▶ PROBLEM TO WORK ON:
Write out every entry exactly as it appears, omitting the pictures.
********
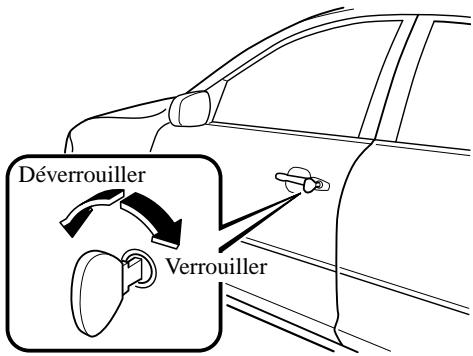 MAZDA 3 2009 - Verrouillage, déverrouillage à l'aide de la clé - 1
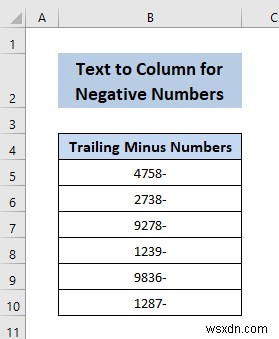 วิธีการแปลงข้อความเป็นคอลัมน์ใน Excel (3 กรณี)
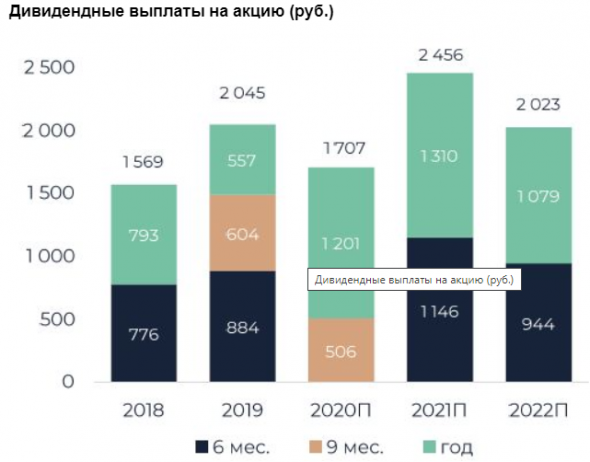 Акции Норникеля отыграли последствия аварии на ТЭЦ-3 - Велес Капитал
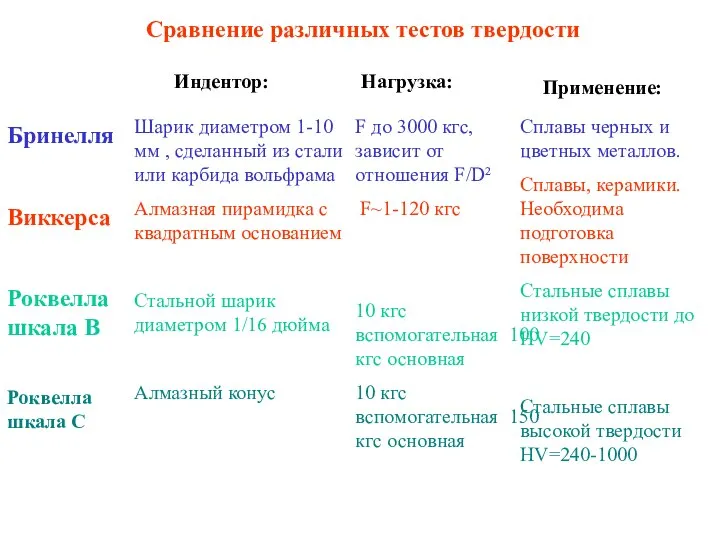 Нагрузка: Бринелля Виккерса Роквелла шкала B Роквелла шкала C Шарик диаметром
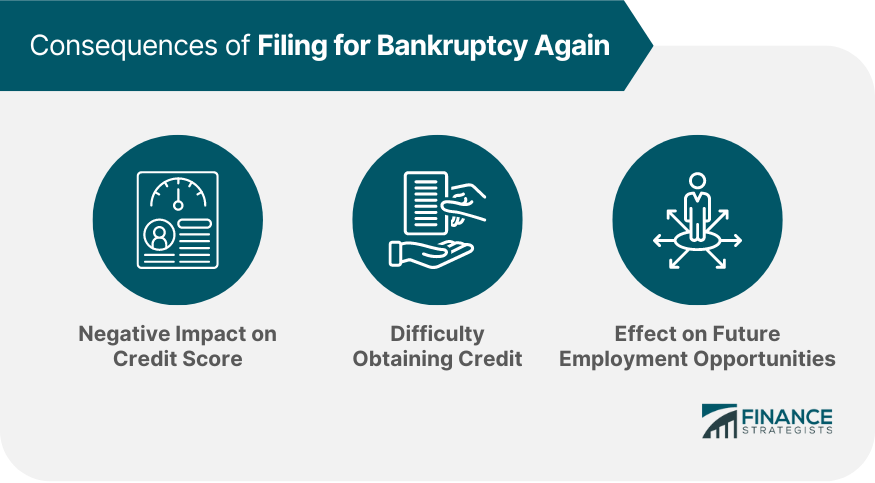 Consequences of Filing for Bankruptcy Again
********
▶ YOUR SOLUTION:
 MAZDA 3 2009 - Verrouillage, déverrouillage à l'aide de la clé - 1
 วิธีการแปลงข้อความเป็นคอลัมน์ใน Excel (3 กรณี)
 Акции Норникеля отыграли последствия аварии на ТЭЦ-3 - Велес Капитал
 Нагрузка: Бринелля Виккерса Роквелла шкала B Роквелла шкала C Шарик диаметром
 Consequences of Filing for Bankruptcy Again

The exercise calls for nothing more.